The reason why I'm giving this advice is that I've seen what happens
when someone doesn't do it, and there's a problem with their job:
- When a condor job fails, it sends an error message.
- 20,000 failed jobs means 20,000 error messages.
- Sending out 20,000 error messages at once will clog our mail
server, slowing it down. This does not make one popular.
- The 20,000 error messages are sent to your email address at your
home institution. Your home institution becomes suspicious, and
shuts down your email address.
- The `nevis.columbia.edu` mail server is identified as a potential
source of spam, since it sent out 20,000 emails to a single
address. Our mail server is added to spam block lists. Members of
the Nevis faculty discover that their emails never arrive, and without
any warnings. Again, this does not make one popular.
All of the above have happened, though fortunately not all at
once. Still, to maintain your popularity, test your scripts first!
## Find reasonable execution times for your jobs
The "sweet spot" for the length of a job is about 20-60 minutes.
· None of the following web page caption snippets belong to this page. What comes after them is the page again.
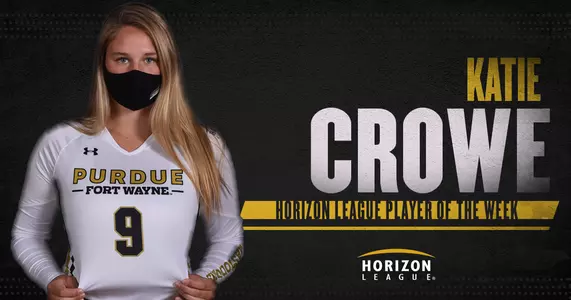Katie Crowe POTW
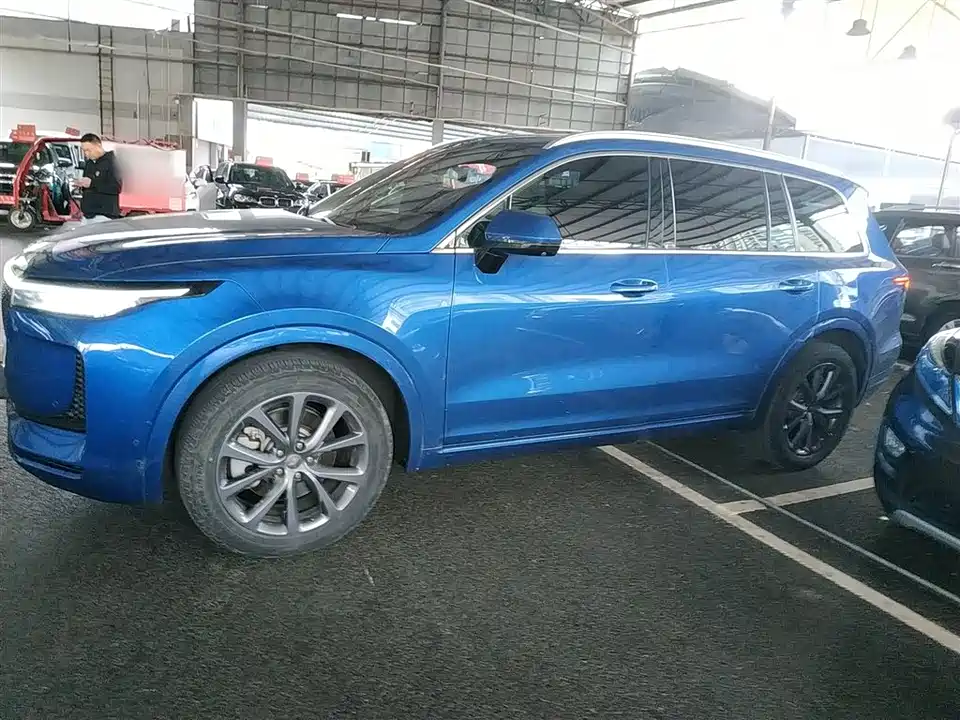 Li Auto Ideal ONE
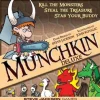 Munchkin Deluxe Startpakke Brettspill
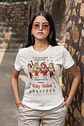 8 Artes para Camisa Natal Princesas Arquivo Editável  - Thumbnail 1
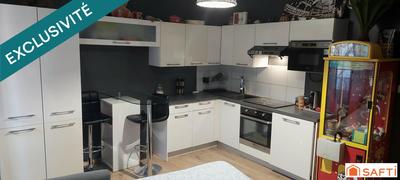 Appartement - 21 m² - 1 pièce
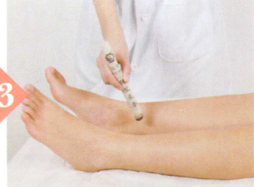 风湿性心脏病艾灸哪个部位图解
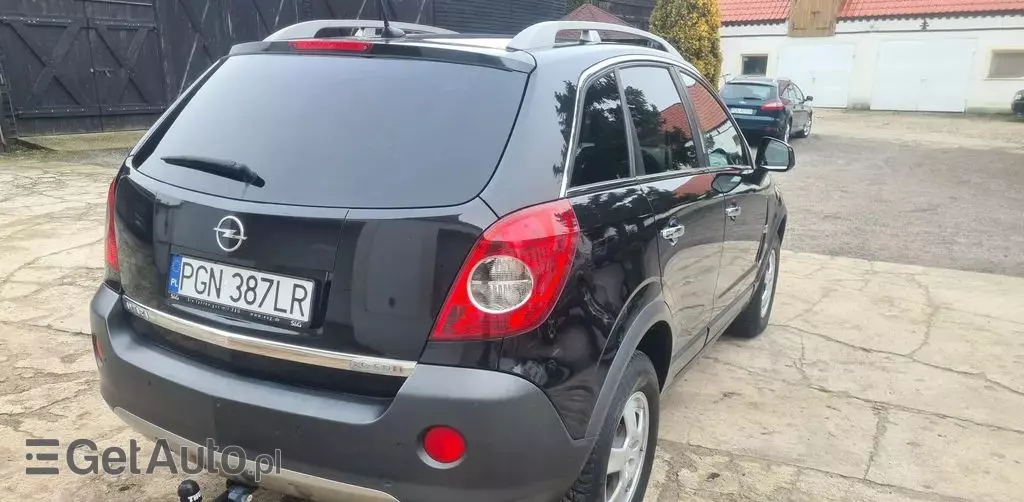 OPEL Antara 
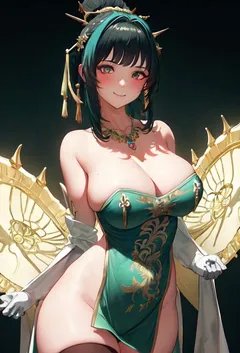 【战双NTR】绿奴指挥官想要含英妈妈的出轨骚穴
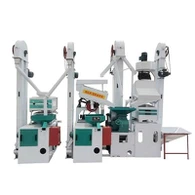 1000 kg/h ryžių malūnas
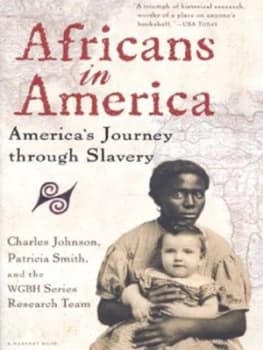 Image of Africans in America by Charles Johnson Paperback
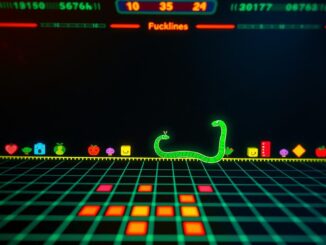 Snake Spiel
- Shorter than 5 minutes, and the overhead involved in condor
setting up the execution environment and copying your files
begins to take up a substantial percentage of the job's execution
time.
- Longer than that, and your job may run up against condor's time
limit for a job. That limit is assigned by a systems
administrator; for the Nevis particle-physics systems I've left
this limit at its default of two hours.
That's not a "hard" limit; if no other jobs are waiting to be
executed, condor will let a job run over two hours. However, as
soon as any other job requests to be executed, condor will
"suspend" a job that's taking too long. A suspended job has to
start again from the beginning.[^long]
A practical way to discover how long your job takes to run is to do
some test submissions with varying values of an appropriate parameter;
e.g., the number of events read from an input file, or the number of
events to generate in a simulation.
## Too many inputs
As you work with more elaborate projects, you may discover that you
need a longer and longer list of files to transfer with the
`transfer_input_files` option in the `.cmd` file.
There are two ways to deal with this. One way is to let
`transfer_input_files` copy an entire directory for you. For example:
transfer_input_files=myprogram.py,my_directory
If you have to transfer a lot of input files, put them in that directory.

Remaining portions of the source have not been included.